The AT&T – T-Mobile Merger: Beyond the Arithmetic

Following AT&T’s announcement last month of its planned acquisition of T-Mobile USA, pundits and other oddsmakers have settled in for a long tour of duty. Speculation, much of it uninformed, is already clogging the media about the chances the $39 billion deal—larger even than last year’s merger of Comcast and NBC Universal—will be approved.

Both the size of the deal and previous consolidation in the communications industry lead some analysts and advocates to doubt the transaction will or ought to survive the regulatory process.

Though the complex review process could take a year or perhaps even longer, I’m confident that the deal will go through—as it should. To see why, one need only look to previous merger reviews by the Department of Justice and the Federal Communications Commission, both of which must approve the AT&T deal.
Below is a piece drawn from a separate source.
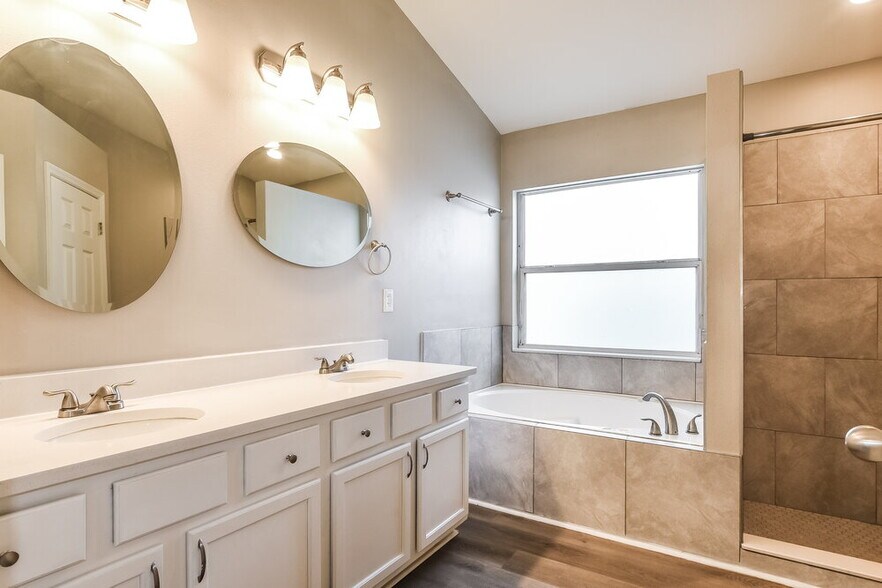 Building Photo - 15849 Green Cove Blvd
Critics of the deal argue principally that a reduction from four national wireless carriers to three will create grave risks to competition. But Justice and the FCC have consistently rejected such simple-minded analysis. Instead, as consent decrees for several wireless mergers over the last decade–under Democratic and Republican administrations—make clear, both agencies approach the unique economic features of mobile communications with more subtle tools.

For example, both Justice and the FCC have consistently concluded that wireless markets are essentially local. Their competitive analysis—the key in reviewing horizontal mergers of this type—therefore focuses on the choices available to consumers where they buy wireless service; typically where they live, work or shop.
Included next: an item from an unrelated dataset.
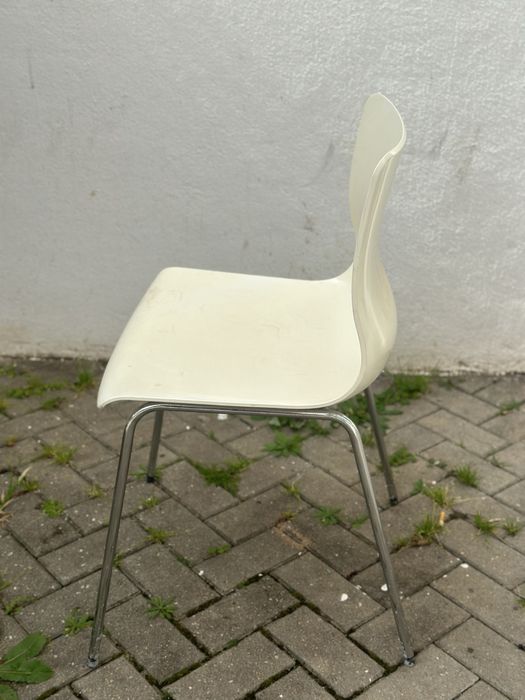 4 cadeiras brancas em fibra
In today’s dynamic mobile industry, some national wireless carriers are strong in some cities or rural areas and weak or absent from others. Beyond the national carriers, lower-priced providers including MetroPCS and Cricket, as well as established regional companies including US Cellular, are strong in local markets. The Justice-FCC market analysis will consider market structure at the local level, counting all providers who are genuinely competitive.
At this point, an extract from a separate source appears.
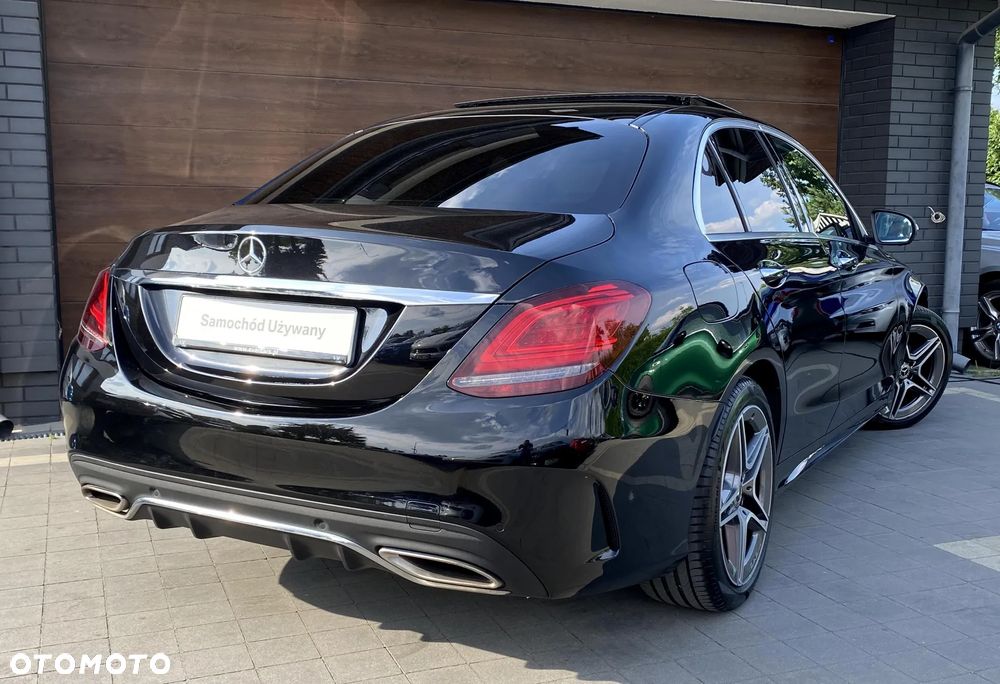 Mercedes-Benz Klasa C 200 4Matic 9G-TRONIC - 11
The discussion so far about market concentration levels—measured by the Herfindahl-Hirschman Index, or HHI—ignores the more detailed analysis that the DOJ and the FCC have performed for past mergers including Sprint-Clearwire and Verizon-Alltel (both in 2008).

HHIs are commonly used as starting screens to identify markets where anti-competitive effects might result. But the two agencies have historically concluded that anti-competitive effects will occur only where concentration is especially high–at levels of the HHI well above the published estimates for the AT&T-T-Mobile deal in most markets. In particular, the focus has historically been on local markets where the merger would result in too few remaining competitors. In those markets, local divestitures have been required.

On that analysis, AT&T probably will be required to divest some consumers in some local markets, but fewer than would result from strict application of the high-level HHI screens.

The FCC must also consider potential benefits of the deal that improve the ‘‘public interest.”  Here, the agency will take into account serious capacity constraints both AT&T and T-Mobile are already experiencing on their networks. AT&T argues the merger will allow it to optimize scarce spectrum, improve network performance and quality, and accelerate deployment of nationwide mobile broadband using LTE technology, including expansion into rural areas.

The FCC and DOJ will require evidence to support these claims, of course. But assuming AT&T can back them up, they constitute strong public interest benefits.  After all, these are all goals the FCC itself established as part of last year’s National Broadband Plan. Likewise, as part of its evaluation, the DOJ will consider these and other claimed synergies as pro-competitive efficiencies produced by the merger.

Finally, that the deal is being vigorously opposed by some competitors—notably Sprint—actually helps AT&T’s case. Antitrust enforcers are understandably skeptical of claims by competitors that a merger will hurt them. Why? If a merger leads to higher prices for consumers, competitors such as Sprint would actually benefit. So when a competitor complains a merger is anticompetitive, the agencies take that as evidence the deal will in fact produce a stronger rival. And a stronger rival is good for consumers.

In the end, Justice and the FCC will have to weigh the competitive risks of further consolidation against the benefits for American consumers of improved service and accelerated deployment of nationwide mobile broadband. If history is any guide, the merger will ultimately be approved with specific conditions, including divestitures, to ensure that local competition is preserved even as national benefits are achieved.

That, of course, assumes the agencies follow their own best practices and not naysayers who can only count down from four to three. Let’s hope they do.